▼▼▼
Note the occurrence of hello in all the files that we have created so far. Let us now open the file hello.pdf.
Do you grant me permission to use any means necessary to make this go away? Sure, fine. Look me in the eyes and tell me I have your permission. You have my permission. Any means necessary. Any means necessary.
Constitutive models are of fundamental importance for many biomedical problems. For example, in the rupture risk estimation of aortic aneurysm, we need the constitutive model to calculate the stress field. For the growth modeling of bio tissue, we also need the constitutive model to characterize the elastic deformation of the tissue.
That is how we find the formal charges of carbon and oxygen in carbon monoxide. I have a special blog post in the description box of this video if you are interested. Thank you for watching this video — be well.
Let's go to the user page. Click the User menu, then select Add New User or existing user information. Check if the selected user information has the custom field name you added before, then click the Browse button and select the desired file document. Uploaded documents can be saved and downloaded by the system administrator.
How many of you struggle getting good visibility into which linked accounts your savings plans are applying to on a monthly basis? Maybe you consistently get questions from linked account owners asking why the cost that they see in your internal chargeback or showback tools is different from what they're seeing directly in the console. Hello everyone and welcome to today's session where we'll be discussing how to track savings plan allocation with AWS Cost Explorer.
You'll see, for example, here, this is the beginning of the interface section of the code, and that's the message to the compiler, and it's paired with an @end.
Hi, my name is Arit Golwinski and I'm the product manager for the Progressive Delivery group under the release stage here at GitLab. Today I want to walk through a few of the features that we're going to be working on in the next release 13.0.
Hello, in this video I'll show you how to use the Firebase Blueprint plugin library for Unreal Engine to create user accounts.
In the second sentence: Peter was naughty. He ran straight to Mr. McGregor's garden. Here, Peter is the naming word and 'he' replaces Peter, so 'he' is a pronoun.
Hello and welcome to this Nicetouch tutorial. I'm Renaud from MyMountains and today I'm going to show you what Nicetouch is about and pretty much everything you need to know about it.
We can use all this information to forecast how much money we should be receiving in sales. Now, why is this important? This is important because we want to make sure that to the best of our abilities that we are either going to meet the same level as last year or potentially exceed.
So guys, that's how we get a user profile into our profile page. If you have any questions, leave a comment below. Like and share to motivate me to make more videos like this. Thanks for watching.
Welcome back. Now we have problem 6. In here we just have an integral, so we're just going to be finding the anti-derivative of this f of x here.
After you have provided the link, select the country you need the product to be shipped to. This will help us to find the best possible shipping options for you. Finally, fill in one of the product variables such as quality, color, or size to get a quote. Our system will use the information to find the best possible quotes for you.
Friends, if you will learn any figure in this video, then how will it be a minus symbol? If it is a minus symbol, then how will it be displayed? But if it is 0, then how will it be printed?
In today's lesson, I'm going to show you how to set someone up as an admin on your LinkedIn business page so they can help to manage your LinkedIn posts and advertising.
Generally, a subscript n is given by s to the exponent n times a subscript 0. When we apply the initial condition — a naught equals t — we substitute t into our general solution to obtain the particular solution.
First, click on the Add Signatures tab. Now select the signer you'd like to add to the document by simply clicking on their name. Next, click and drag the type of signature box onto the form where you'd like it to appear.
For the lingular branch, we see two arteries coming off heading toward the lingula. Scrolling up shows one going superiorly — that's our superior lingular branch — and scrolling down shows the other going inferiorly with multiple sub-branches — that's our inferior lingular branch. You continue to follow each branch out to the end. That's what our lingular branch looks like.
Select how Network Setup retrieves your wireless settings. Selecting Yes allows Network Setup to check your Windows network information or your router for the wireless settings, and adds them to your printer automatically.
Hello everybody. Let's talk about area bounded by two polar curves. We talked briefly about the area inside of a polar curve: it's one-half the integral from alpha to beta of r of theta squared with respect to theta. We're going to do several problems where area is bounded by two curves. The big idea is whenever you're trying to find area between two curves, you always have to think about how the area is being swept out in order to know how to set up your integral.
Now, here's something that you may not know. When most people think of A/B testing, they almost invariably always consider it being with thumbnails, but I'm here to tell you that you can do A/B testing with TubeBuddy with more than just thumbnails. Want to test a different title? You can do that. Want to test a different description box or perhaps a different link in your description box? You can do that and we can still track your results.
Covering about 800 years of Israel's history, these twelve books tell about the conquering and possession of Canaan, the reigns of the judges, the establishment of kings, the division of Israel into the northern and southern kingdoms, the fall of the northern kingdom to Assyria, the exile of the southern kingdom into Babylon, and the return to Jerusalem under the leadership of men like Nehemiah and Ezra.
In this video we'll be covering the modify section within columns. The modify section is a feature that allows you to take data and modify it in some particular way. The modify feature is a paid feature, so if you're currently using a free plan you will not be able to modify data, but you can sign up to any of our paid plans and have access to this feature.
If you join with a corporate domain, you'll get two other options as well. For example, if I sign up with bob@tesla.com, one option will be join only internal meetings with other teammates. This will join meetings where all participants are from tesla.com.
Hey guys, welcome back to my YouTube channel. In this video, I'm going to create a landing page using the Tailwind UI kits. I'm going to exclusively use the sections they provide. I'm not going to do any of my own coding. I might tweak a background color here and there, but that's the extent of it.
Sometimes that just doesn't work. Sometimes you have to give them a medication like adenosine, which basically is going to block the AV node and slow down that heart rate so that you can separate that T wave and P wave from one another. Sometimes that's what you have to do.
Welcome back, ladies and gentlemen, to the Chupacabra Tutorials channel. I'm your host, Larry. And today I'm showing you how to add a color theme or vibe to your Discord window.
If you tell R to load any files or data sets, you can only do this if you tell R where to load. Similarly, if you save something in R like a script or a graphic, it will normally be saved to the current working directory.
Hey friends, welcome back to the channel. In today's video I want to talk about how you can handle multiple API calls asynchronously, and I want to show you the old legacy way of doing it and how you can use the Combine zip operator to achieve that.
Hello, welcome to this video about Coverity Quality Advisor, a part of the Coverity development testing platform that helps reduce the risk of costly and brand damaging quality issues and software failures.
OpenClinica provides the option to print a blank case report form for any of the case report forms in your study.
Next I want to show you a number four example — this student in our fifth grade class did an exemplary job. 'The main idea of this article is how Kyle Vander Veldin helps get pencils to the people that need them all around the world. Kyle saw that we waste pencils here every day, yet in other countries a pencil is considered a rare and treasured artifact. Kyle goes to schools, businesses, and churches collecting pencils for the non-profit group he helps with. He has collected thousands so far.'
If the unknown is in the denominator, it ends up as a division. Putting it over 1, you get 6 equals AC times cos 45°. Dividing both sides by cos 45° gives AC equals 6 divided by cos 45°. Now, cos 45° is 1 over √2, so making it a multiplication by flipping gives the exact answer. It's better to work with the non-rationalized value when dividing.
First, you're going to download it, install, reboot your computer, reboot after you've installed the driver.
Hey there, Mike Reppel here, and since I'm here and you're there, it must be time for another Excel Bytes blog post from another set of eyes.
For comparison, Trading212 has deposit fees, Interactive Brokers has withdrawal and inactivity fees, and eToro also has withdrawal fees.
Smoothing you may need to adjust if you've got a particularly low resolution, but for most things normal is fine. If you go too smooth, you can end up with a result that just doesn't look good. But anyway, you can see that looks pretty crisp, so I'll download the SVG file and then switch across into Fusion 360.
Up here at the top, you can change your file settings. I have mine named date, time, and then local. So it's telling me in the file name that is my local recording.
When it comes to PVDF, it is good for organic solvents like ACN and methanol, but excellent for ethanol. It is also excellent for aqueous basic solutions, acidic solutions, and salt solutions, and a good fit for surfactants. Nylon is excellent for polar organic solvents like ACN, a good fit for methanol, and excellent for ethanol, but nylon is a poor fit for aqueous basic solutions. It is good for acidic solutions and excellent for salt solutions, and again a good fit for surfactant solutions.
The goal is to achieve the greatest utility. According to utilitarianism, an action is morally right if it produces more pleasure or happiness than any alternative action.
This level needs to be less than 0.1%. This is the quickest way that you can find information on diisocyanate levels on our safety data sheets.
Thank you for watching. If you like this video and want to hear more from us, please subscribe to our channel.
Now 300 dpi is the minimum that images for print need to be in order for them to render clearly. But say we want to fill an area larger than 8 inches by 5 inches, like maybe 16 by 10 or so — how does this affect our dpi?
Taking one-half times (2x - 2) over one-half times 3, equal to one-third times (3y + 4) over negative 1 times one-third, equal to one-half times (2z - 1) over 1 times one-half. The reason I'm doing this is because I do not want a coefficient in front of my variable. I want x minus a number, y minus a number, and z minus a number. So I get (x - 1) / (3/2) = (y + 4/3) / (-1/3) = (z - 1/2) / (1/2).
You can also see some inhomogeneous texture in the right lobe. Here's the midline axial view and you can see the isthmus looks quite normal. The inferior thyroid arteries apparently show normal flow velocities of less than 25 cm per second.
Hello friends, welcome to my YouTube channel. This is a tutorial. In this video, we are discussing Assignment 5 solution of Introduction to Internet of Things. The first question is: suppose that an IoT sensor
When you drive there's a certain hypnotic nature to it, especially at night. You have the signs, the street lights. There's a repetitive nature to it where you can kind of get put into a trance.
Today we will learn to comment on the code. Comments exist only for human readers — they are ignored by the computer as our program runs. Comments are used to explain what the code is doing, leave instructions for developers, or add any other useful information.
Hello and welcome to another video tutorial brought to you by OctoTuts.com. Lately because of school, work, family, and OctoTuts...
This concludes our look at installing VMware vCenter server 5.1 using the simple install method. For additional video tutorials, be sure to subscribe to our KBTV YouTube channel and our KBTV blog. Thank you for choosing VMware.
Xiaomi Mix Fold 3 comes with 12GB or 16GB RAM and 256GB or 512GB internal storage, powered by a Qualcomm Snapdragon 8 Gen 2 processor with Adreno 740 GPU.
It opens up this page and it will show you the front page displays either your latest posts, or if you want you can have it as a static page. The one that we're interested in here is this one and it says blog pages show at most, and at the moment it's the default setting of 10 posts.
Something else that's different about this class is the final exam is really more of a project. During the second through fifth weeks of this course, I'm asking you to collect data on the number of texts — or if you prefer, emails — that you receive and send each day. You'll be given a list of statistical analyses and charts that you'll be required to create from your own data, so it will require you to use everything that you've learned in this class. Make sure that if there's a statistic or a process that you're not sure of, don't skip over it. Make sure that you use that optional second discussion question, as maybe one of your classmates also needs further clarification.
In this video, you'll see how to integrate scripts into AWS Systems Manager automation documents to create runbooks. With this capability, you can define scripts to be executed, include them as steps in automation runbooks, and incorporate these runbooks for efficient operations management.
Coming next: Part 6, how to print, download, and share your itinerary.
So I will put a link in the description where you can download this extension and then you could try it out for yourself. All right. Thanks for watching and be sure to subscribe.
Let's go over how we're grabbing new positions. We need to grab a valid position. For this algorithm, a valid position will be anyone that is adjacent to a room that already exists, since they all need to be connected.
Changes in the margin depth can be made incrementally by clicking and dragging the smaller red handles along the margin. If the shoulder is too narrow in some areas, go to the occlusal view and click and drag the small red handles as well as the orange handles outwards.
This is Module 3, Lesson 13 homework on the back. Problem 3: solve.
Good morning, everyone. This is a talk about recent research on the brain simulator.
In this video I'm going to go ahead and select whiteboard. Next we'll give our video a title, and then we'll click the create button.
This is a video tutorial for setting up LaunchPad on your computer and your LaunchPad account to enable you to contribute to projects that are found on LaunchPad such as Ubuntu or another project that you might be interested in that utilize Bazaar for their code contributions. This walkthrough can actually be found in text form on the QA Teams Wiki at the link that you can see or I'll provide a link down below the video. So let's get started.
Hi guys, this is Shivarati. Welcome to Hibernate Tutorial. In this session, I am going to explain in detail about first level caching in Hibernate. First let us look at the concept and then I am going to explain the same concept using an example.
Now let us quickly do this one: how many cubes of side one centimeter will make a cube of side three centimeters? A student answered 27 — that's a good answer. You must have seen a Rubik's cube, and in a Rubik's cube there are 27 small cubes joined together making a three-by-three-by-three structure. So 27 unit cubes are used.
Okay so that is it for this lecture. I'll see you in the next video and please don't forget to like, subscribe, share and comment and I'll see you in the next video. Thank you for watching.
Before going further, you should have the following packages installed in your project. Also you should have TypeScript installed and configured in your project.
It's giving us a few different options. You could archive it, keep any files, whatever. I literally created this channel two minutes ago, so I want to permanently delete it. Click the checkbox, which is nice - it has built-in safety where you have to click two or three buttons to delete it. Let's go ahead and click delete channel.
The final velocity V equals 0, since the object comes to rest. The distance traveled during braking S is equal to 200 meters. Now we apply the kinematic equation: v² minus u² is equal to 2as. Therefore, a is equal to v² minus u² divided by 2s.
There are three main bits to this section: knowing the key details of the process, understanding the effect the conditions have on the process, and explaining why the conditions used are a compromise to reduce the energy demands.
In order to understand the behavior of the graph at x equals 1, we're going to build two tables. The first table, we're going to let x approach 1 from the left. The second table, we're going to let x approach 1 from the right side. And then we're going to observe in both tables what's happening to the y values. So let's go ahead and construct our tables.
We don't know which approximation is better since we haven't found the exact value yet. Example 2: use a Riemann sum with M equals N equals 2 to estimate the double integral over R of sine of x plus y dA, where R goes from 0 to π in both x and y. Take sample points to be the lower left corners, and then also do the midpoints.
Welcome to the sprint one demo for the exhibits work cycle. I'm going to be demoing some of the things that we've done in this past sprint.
▲▲▲
Aim of the task: From the material above, set down exactly the lines starting at the one with "This level needs" and ending at the one with "You can also", end lines included.

Worked solution:
This level needs to be less than 0.1%. This is the quickest way that you can find information on diisocyanate levels on our safety data sheets.
Thank you for watching. If you like this video and want to hear more from us, please subscribe to our channel.
Now 300 dpi is the minimum that images for print need to be in order for them to render clearly. But say we want to fill an area larger than 8 inches by 5 inches, like maybe 16 by 10 or so — how does this affect our dpi?
Taking one-half times (2x - 2) over one-half times 3, equal to one-third times (3y + 4) over negative 1 times one-third, equal to one-half times (2z - 1) over 1 times one-half. The reason I'm doing this is because I do not want a coefficient in front of my variable. I want x minus a number, y minus a number, and z minus a number. So I get (x - 1) / (3/2) = (y + 4/3) / (-1/3) = (z - 1/2) / (1/2).
You can also see some inhomogeneous texture in the right lobe. Here's the midline axial view and you can see the isthmus looks quite normal. The inferior thyroid arteries apparently show normal flow velocities of less than 25 cm per second.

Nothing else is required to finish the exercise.